Under the expert A&R guidance of Justin
Meldal-Johnsen (music director and bassist for Beck, Ladytron and Nine
Inch Nails) and respected American co-producer Chris Coady (TV on the
Radio), Dappled Cities got busy making mayhem and magic.
Every song was laid down live to harness the energy. Dappled Cities
have never been a band to replicate vintage sounds – they’ve always
been art in motion – but Zounds has powers they’ve never dealt in
before. In their own words, “It’s a daggy and classy, cunning and
futuristic, as us!”
The band spared no expense, using
new-fangled electric guitars and importing a Gakken – a $40
build-it-yourself cardboard synthesiser from Japan – used on all 12
songs. Their drive to succeed saw them hire and conspire with no less
than three mixers for Zounds – Coady, Scott Horscroft and Wayne
Connolly – in the quest for perfection.
The band also didn’t
always see eye-to-hi fi with Coady. Dave explains, “He’s the biggest
name we’ve worked with and he knew it, so a lot of the recording
process was injected with clashes.” Artistic differences? “Perhaps. But
maybe we just knew, and expressed, what we wanted so strongly that it
may have been tough for others around us to take at the time. Who
knows?”.
But smoke speaks of fire and the five-headed phoenix Zounds is Dappled Cities’

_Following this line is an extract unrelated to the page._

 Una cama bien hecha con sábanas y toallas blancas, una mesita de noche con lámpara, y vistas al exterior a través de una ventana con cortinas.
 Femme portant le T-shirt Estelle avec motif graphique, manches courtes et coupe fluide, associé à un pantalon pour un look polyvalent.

masterpiece, a sophisticated, grown-up opus epic. Lyrically it’s
introspective, full of the unusual, but wonderous, Dappled metaphors.

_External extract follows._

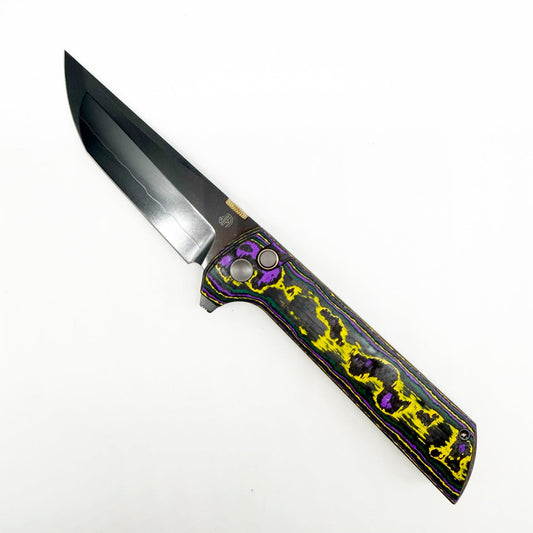 North Mountain Blade 2406 Venom Chop2 – 3.5" SLD-Magic DLC Tanto Folding Knife UV Reactive Carbon Fiber Handle .45 Style Thumb Disc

But it’s also a big, deep muscular album.
Zounds opening salvo
‘Hold Your Back’ is the most adventurous track of the band’s career – a
deep, brooding magnificent bastard anthem which is “barely even a song,
more a collection of ideas.” It’s parting shot is ‘Stepshadows’, a
Derricourt acoustic lament more akin to a n Ennio Morricone spaghetti
western soundtrack than a conventional rock song.
In between lies a lyrical tinderbox and wall of Zounds asylum full of Dappled Cities trademark live energy.
An energy captured on disc for the first time.
First single ‘The Price’
is a political song forged in a disco inferno while ‘The Night is Young
At Heart’, at an epic six minutes, is the band’s longest ever track and
the song Dave’s most proud of. “Big, long, aggressive, weird: an
in-ya-face sound people are either going to love or hate – and that’s
the mark of a great song, isn’t it?”
Having broken every hygiene law New York holds dear and come to know each other better than they dared, Dappled Cities are now home and ready to unveil the wall of Zounds.